Conditions d’accès

Situation de la famille :

- Résidence de la famille (père et/ou mère) dans le pays où est situé l’établissement de scolarisation

- Régularité de la situation de la famille au regard des prestations sociales en France

- Justification de l’imposition (ou de la non imposition) sur le revenu et du pays d’imposition

- Ressources : il pourra être tenu compte du revenu brut de la famille


Situation des enfants :

Ils doivent :
- être de nationalité française
- être inscrits au registre des Français établis hors de France auprès du Consulat général de France (ou de la section consulaire) de leur circonscription de résidence
- ne pas avoir accumulé un retard scolaire trop important (19 ans dans l’année d’entrée en terminale).

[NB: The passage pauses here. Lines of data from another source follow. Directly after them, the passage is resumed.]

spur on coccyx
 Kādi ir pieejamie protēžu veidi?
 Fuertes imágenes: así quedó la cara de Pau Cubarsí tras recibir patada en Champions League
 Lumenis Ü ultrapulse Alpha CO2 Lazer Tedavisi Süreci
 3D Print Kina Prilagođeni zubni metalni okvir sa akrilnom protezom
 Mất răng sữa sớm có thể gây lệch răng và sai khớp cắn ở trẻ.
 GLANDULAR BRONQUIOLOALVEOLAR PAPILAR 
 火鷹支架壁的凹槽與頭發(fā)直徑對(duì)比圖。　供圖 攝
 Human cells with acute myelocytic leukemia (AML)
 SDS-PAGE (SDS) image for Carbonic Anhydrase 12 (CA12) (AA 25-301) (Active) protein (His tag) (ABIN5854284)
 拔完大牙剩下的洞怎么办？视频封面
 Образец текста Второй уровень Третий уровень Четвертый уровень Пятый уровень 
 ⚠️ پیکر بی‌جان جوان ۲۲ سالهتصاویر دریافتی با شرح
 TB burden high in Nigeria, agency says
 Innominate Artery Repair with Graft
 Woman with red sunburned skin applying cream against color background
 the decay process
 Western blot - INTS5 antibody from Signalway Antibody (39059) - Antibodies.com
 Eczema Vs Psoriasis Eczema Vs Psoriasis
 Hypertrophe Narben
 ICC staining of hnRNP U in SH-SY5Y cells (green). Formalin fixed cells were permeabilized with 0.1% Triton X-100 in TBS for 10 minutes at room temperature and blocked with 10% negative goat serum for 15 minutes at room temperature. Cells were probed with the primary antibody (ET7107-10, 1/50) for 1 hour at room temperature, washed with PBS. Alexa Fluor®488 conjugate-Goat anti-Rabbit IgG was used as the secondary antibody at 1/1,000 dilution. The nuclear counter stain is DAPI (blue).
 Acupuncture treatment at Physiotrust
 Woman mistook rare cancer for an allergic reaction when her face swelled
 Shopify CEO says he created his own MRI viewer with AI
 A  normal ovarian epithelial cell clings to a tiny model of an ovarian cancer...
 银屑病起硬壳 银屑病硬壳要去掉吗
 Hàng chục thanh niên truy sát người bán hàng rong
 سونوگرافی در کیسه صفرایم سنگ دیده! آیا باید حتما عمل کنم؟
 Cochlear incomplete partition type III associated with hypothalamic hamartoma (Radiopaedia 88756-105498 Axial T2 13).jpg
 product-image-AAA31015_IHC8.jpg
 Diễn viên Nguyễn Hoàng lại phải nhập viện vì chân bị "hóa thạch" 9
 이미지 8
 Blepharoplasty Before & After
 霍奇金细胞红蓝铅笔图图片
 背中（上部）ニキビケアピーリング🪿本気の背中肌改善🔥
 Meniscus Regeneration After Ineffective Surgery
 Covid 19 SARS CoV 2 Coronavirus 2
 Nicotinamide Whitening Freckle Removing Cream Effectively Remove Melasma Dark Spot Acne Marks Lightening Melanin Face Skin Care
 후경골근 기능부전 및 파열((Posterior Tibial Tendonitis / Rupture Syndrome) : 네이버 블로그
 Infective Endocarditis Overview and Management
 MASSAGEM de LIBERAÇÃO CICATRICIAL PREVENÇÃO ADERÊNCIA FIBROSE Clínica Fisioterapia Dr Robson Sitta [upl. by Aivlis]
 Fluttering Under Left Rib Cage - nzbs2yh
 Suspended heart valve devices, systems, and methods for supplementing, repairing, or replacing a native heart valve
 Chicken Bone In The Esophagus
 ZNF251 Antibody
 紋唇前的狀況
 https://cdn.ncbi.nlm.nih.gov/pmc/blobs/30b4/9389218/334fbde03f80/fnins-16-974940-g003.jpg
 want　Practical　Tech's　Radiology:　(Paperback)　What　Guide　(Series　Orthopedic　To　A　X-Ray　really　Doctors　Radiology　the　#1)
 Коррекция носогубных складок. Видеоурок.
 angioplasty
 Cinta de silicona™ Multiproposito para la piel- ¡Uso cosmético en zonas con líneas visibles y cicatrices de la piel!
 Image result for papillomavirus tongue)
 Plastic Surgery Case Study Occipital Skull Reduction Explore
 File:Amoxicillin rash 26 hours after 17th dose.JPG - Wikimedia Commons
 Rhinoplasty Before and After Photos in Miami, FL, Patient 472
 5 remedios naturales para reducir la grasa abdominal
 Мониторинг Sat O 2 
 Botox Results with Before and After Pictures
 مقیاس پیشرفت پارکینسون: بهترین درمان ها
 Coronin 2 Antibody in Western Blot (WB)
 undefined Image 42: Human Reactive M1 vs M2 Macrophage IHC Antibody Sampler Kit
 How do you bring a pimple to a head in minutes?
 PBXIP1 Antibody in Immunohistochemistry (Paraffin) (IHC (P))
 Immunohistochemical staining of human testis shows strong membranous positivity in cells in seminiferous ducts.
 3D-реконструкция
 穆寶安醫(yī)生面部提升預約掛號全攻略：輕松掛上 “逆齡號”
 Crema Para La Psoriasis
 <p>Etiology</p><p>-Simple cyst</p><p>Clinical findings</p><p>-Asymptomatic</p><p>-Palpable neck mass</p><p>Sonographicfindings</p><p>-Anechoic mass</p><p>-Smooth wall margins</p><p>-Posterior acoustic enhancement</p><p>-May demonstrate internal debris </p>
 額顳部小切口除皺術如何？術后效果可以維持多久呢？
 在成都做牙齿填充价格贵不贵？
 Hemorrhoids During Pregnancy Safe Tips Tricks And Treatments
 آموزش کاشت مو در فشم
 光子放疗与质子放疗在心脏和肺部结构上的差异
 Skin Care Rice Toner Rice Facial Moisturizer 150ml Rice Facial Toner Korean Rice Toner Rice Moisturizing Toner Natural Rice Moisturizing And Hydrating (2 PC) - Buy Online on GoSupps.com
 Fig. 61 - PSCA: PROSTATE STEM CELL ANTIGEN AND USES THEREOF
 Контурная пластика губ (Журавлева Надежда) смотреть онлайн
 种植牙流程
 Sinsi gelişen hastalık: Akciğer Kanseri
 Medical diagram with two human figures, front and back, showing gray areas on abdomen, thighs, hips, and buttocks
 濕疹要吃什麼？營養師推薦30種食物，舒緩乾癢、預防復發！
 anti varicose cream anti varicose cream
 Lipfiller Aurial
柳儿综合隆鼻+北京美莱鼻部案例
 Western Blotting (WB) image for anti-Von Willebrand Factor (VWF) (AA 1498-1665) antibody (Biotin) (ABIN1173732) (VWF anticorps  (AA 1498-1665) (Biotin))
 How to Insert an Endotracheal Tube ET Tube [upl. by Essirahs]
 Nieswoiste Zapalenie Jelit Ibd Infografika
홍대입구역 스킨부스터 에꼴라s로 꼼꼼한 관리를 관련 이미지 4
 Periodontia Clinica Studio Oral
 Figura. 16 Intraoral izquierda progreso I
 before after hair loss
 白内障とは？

Des dérogations peuvent être accordées dès lors qu’une situation particulière le justifie (handicap, maladie,
évènements imprévisibles entraînant une interruption de la scolarité …)
- fréquenter un établissement homologué par le ministère de l’Education nationale. Dérogation possible pour les établissements ayant passé une convention avec le Centre National d’Enseignement à distance (CNED).

Autres aides à la scolarité ou autres éléments de rémunération liés à la charge d’enfants :

Dans le cas où les demandeurs bénéficient par ailleurs d’une aide directe ou indirecte à la scolarité de leurs enfants scolarisés en terminale quel que soit son type (prise en charge totale ou partielle de la scolarité par l’employeur, versement par l’employeur d’un élément de rémunération incluant tout ou partie de la scolarité, aide versée par une collectivité territoriale, un état étranger, un établissement d’enseignement…), cette aide est prise en compte préalablement à toute prise en charge. Il en est également ainsi des réductions tarifaires ou des exonérations consenties par les établissements.

Pour les personnels de l’Etat et de ses établissements publics, dont l’AEFE, les majorations familiales ou
avantages familiaux sont pris en compte dans le calcul de la prise en charge.

Dans le cas où l’aide à la scolarité ou les éléments de rémunération liés à la charge d’enfants ne couvrent
que partiellement les frais de scolarité appelés par l’établissement, une prise en charge partielle
correspondant aux frais de scolarité restant à la charge de la famille peut être accordée.

Aucune prise en charge par l’Etat des frais de scolarité n’est possible pour les familles bénéficiant déjà par
ailleurs d’une prise en charge totale de ces frais.